- **Work to complete**
Look through the data below for the line with "A young woman", and transcribe it exactly together with each line after it up to and including the line with "May include: A white card". Give nothing else.

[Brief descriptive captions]
::::::::::

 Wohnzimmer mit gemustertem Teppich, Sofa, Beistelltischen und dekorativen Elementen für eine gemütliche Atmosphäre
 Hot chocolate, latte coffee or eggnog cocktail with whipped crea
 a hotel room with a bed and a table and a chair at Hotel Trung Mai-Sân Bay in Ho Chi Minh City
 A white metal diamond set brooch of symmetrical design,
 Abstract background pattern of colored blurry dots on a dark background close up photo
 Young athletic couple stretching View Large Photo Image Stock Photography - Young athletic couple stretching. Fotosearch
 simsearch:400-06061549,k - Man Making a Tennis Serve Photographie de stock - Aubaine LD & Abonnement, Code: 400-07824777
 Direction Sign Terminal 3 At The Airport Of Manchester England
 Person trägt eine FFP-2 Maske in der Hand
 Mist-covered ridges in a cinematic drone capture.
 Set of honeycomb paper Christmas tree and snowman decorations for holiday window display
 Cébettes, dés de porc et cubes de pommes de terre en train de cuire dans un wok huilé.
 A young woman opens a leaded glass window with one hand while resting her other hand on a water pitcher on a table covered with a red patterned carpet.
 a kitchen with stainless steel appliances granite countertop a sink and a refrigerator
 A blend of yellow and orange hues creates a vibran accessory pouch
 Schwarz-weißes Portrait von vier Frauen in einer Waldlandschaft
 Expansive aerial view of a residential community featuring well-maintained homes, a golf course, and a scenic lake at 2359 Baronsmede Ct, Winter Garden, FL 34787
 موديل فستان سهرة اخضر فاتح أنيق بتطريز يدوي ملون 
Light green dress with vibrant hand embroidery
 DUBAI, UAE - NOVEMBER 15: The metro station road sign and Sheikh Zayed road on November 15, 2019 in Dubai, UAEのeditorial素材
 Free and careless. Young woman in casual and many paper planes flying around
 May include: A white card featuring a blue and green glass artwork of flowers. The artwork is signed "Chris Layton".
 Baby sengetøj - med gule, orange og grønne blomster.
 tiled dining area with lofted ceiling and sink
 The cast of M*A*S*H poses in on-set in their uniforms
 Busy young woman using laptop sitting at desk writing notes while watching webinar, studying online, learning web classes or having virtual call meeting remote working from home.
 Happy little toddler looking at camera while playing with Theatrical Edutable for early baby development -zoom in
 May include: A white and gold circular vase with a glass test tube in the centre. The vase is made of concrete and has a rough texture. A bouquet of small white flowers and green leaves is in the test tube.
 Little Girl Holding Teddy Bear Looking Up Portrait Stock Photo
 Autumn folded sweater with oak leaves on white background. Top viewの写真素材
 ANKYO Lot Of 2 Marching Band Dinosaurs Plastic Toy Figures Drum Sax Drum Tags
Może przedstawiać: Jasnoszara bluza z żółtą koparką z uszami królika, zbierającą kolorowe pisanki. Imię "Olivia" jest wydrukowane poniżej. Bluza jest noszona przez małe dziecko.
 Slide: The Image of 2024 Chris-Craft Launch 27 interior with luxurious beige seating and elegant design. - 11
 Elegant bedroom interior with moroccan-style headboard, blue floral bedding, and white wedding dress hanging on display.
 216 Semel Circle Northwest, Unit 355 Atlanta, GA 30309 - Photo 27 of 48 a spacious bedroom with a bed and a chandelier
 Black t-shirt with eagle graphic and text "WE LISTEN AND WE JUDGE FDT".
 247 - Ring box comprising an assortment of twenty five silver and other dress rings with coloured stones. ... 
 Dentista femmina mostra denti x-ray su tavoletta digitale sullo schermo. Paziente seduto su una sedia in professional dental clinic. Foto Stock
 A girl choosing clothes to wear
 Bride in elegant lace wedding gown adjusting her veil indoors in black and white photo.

::::::::::

- **Exercise answer**
 A young woman opens a leaded glass window with one hand while resting her other hand on a water pitcher on a table covered with a red patterned carpet.
 a kitchen with stainless steel appliances granite countertop a sink and a refrigerator
 A blend of yellow and orange hues creates a vibran accessory pouch
 Schwarz-weißes Portrait von vier Frauen in einer Waldlandschaft
 Expansive aerial view of a residential community featuring well-maintained homes, a golf course, and a scenic lake at 2359 Baronsmede Ct, Winter Garden, FL 34787
 موديل فستان سهرة اخضر فاتح أنيق بتطريز يدوي ملون 
Light green dress with vibrant hand embroidery
 DUBAI, UAE - NOVEMBER 15: The metro station road sign and Sheikh Zayed road on November 15, 2019 in Dubai, UAEのeditorial素材
 Free and careless. Young woman in casual and many paper planes flying around
 May include: A white card featuring a blue and green glass artwork of flowers. The artwork is signed "Chris Layton".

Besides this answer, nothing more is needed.